Tom Cruise takes on Angelina Jolie in “Maleficent” – not to mention the “X-Men” – starting Wednesday as Warner Bros. rolls out the sci-fi action film “Edge of Tomorrow” in 27 foreign markets ahead of its June 6 opening in the U.S.
The action star and co-star Emily Blunt spent Wednesday on an international promo barnstorm, attending a red-carpet premiere in London (photo above) and an afternoon screening in Paris before heading to New York for an evening event. It was an extraordinary effort, even by the standards of the famously hard-working Cruise, but makes sense given the stakes for the actor and the studio.
Success overseas will be critical if “Edge of Tomorrow” is going to be a winner for Warner Bros. It’s tracking for an opening in the $25 million range domestically, not enough for a movie with a $170 million production budget and a significant marketing campaign. To complicate matters further, it will open against “The Fault In Our Stars,” a $12 million young adult book adaptation that is tracking for a $35 million opening.
This weekend’s debuts for “Edge,” which include the U.K., Germany, Italy and Brazil, represent roughly 35 percent of the eventual international rollout. Fox’s “X-Men: Days of Future Past” will be in its second weekend abroad, and Jolie’s “Maleficent” will be opening.
“We’re excited because we have a great movie, and we think that the word of how well it’s received overseas will only help build momentum domestically,” said Veronika Kwan Vandenberg, president of international distribution at Warner Bros.
Both of Cruise’s most recent box-office outings, “Jack Reacher” and “Oblivion,” did much better overseas than in the U.S. Paramount’s “Jack Reacher,” which had a $60 million production budget, took in $80 million in North America and $138 million from abroad in December 2012. The sci-fi saga “Oblivion,” which cost double that, took in $89 million domestically and $197 million abroad in April 2013 for Universal.
“Edge of Tomorrow” is directed by Doug Liman and features Cruise as a futuristic military officer fighting invading aliens, who finds himself living the same day over and over — and getting stronger each times he dies.

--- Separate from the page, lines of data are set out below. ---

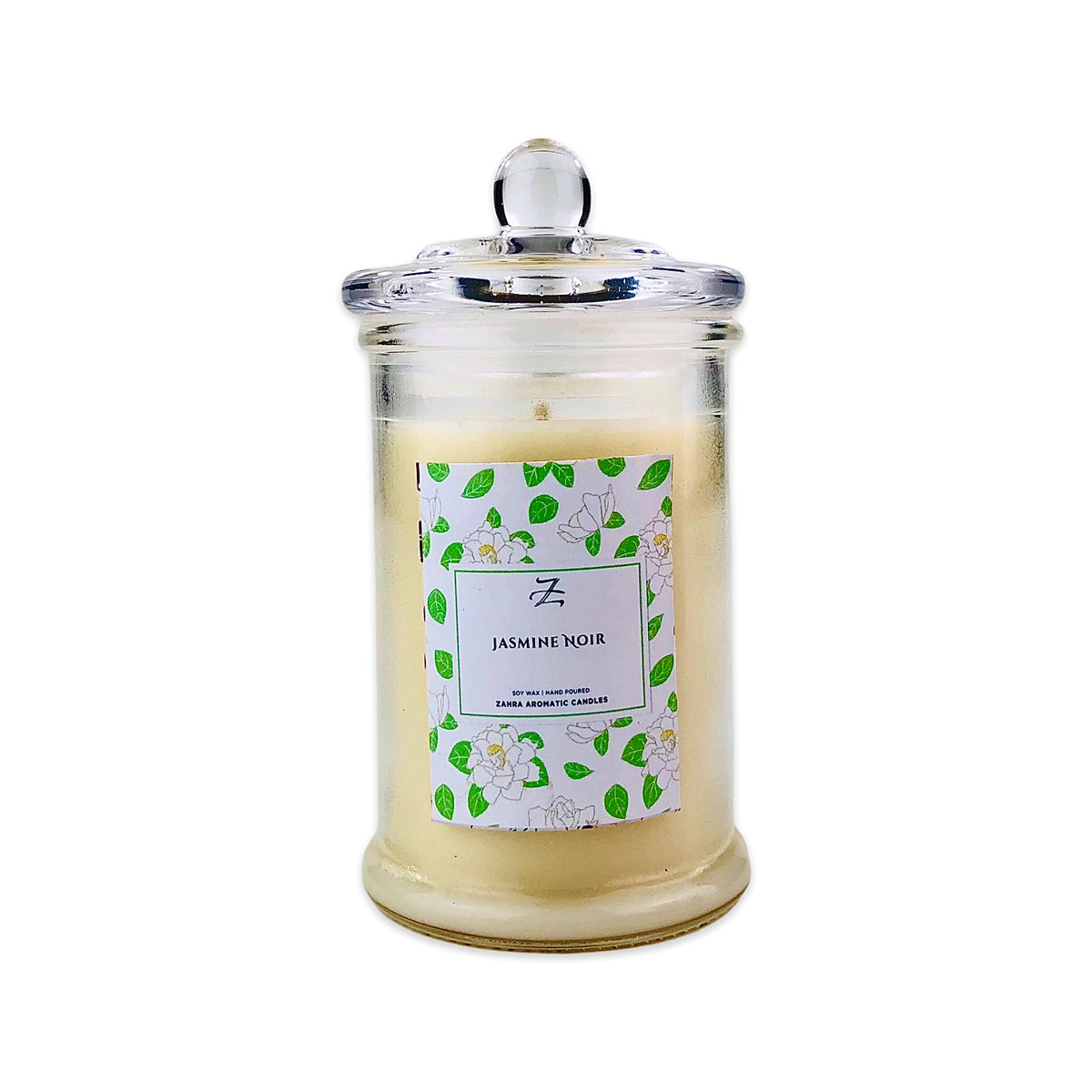 Aromatic Scented Jar Candle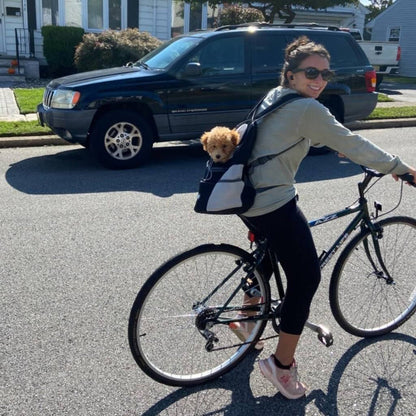 DogPack™ Hondenrugtas – Neem je maatje overal mee naartoe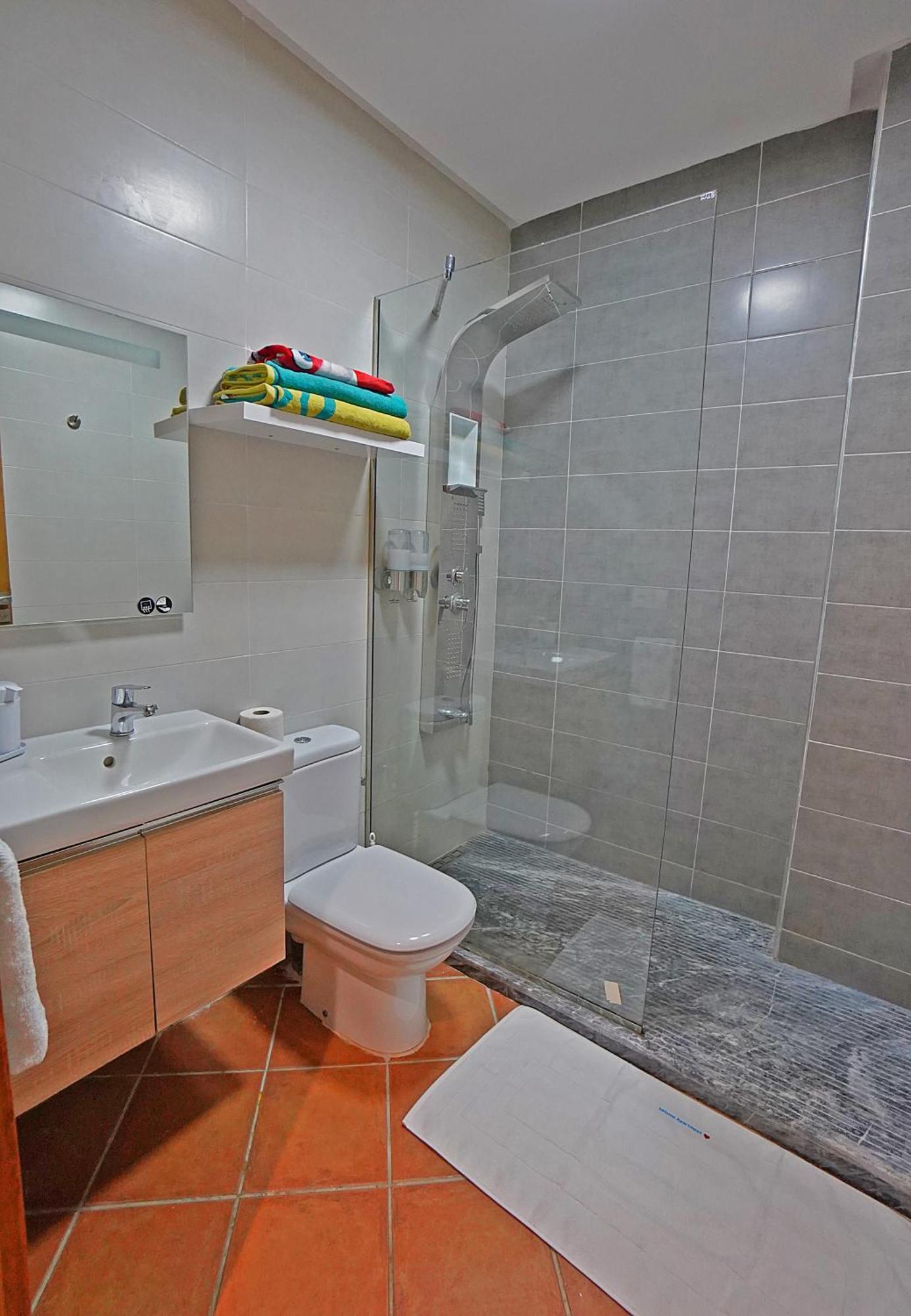 Inhome Apartment Cabo Negro Exteriér fotografie
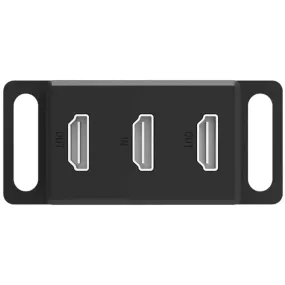 PortKeys HDV1 HDMI Splitter 1 in 2 out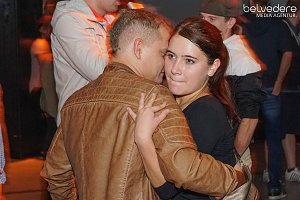 Party im Jugendclubhaus in Nordhausen - der Samstag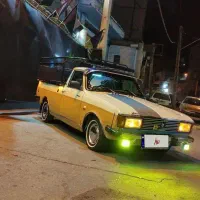 پیکان وانت مدل ۹۲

It’s based on the novel “All You Need Is Kill” by Japan’s Hiroshi Sakurazaka. Bill Paxton, Brendan Gleeson and Jeremy Piven co-star.
In addition to building the film’s domestic profile, Warner Bros. is hoping to get ahead of soccer’s World Cup with the early rollout. The competition begins on June 12 and typically puts a significant dent in moviegoing for foreign audiences.